Von Sündenfall, Cider und Reichsgurken

von Katharina Eigner

Abgesehen von der Geburt Christi stand am 24. Dezember noch etwas im Terminkalender: Evas Namenstag!

Gemäß den drei Ws (Was wäre, wenn…?), die am Anfang jeder Krimi-Ideenentwicklung stehen: Was wäre passiert, wenn die very First Lady nicht genascht hätte?

Ganz abgesehen davon, dass sich die Menschheit nie und nimmer Namen wie Topaz, Idared oder Kronprinz Rudolf für das vitaminreiche Kernobstgewächs ausgedacht hätte; wo wären wir heute, hätte Eva die verbotene Frucht brav und gehorsam für immer von ihrem Speiseplan gestrichen?

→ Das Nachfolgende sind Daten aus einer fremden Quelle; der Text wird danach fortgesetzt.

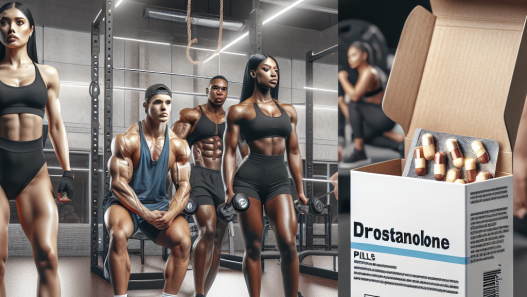 Drostanolone pillole e la perdita di peso negli atleti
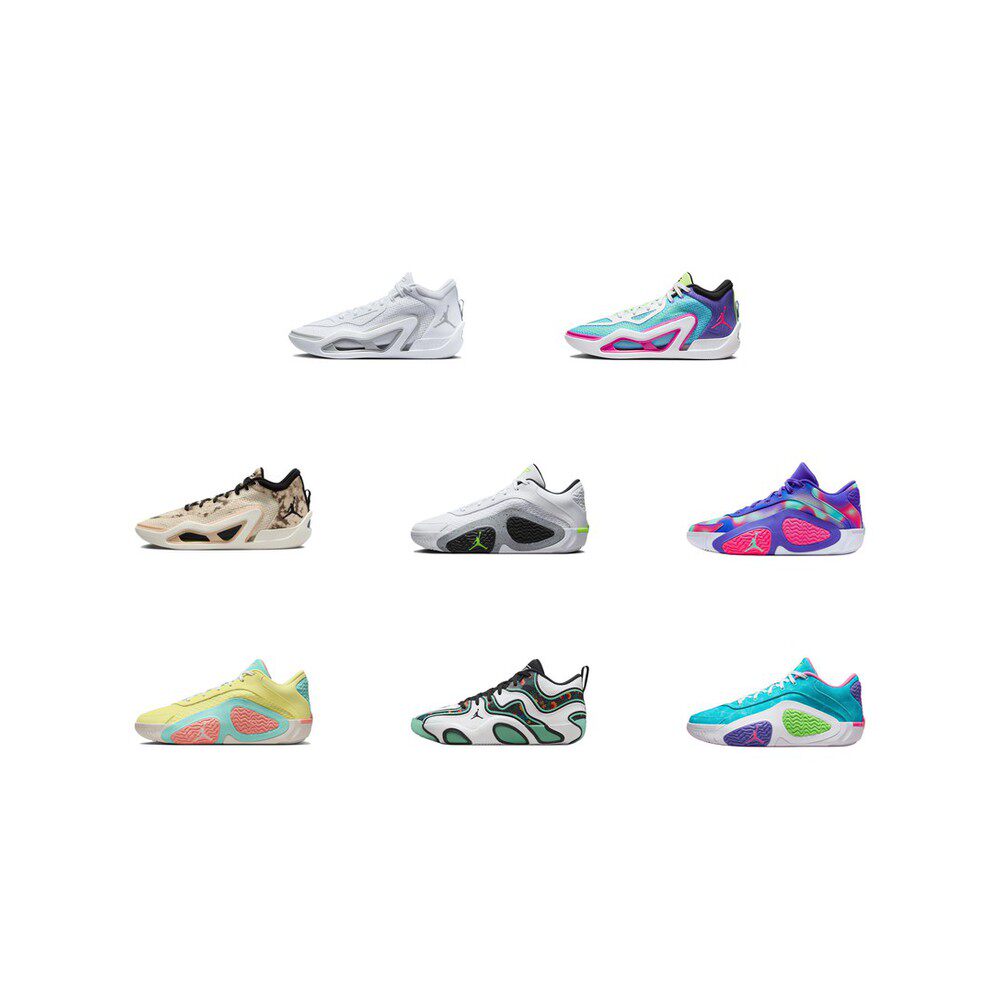 【攀登】Tatum 3\2\1舒适休闲 PF 耐磨 低帮 篮球鞋 男款 篮球鞋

Adam und Eva wären vermutlich nie in den Genuss eines wohlduftenden Apfelstreuselkuchens gekommen oder hätten nie bei einem Gläschen Cider zusammengesessen. Skihütten könnten – in einer Lockdown-freien Zukunft – keinen Kaiserschmarren mit Apfelmus anbieten. Ewig schade. Die österreichischen Kaffeehäuser wären um eine Nationalspeise ärmer – den Apfelstrudel. Undenkbar.

Unbestritten hat Evas Neugier Spuren hinterlassen, nicht nur in der Kulinarik. Gekrönte Häupter von einst und jetzt verdanken ihr ein unverzichtbares Attribut. Denn, Hand aufs Herz, Königin Elisabeth von England wäre nicht halb so majestätisch anzusehen mit einer Reichsgurke, oder? Vom großen, fruchtigen Spitznamen einer US-amerikanische Metropole einmal abgesehen; und Steve Jobs hätte wohl Kürbis oder Paprika für sein Logo wählen müssen, hätte sich Eva nicht über Gottes Hausordnung hinweggesetzt.

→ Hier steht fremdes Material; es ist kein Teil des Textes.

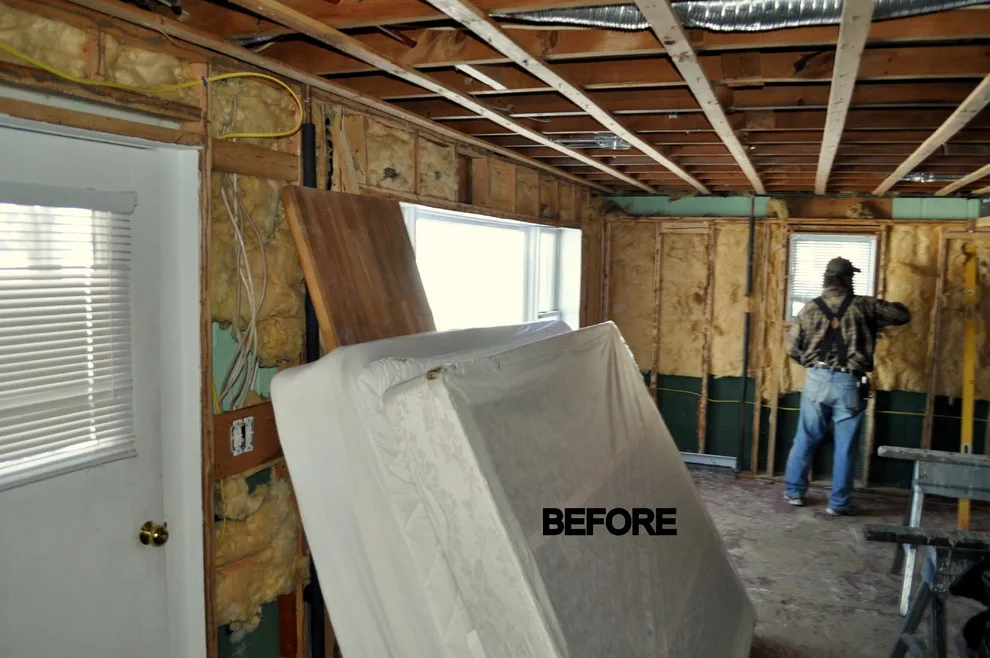 Basement Revitalization After Water Damage by Zarse Custom Cabinet Company - Photo 2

Eva war also, und diesen Gedanken finde ich knackig wie eine frisch gepflückte Pink Lady, keine Sünderin, sondern eine Pionierin! Nicht nur in Sachen Ernährung.

Mit ihrem beherzten Griff zum Baum der Erkenntnis hat sie den Grundstein für einen ganzen Wirtschaftszweig gelegt; die Anbaugebiete im Schweizer Wallis, der österreichischen Steiermark und dem deutschen Baden-Württemberg mögen es ihr danken.

Apfelwein, Apfel-Chutney oder Apfel-Chips wären uns fremd, Hundertschaften an Erntehelfern arbeitslos. Wir verbrächten mehr Zeit in Wartezimmern; denn nur one Apple a day keeps the Doctor away.

Allerdings, wird die bibelfeste Leserin jetzt einwenden, war der bahnbrechende Erfolg der Obstverkostung damals nicht absehbar. Eva hat sich damit sogar strafbar gemacht. Und das göttliche Auf-die-Finger-klopfen, das dem Ungehorsam folgte, lässt sich nicht schönreden, Stichwort Wehen und Kreißsaal. Stimmt schon.

Andererseits: hätte Adam sich derartiges getraut? Sein Gaumen begnügte sich mit Kartoffeln, Mais und anderem Gemüse des Garten Eden in Bodennähe, kulinarische Wagnisse standen bei ihm nicht auf dem Plan. Hätte er brav gefastet bis in alle Ewigkeit: Was wäre das Resultat gewesen? Stillstand durch Gehorsam. Nichts gegen Kohlenhydrate und pflanzliches Eiweiß, aber irgendwann ist es eben an der Zeit, zu geschmacklich neuen Ufern aufzubrechen. Eva wusste das.

Sie war also Pionierin, aber auch Gesetzesbrecherin, die gekostet, gewagt und gewonnen hat. Zumindest auf lange Sicht.

Also beim nächsten Mal Äpfel abwiegen im Supermarkt: ein Hoch auf Eva!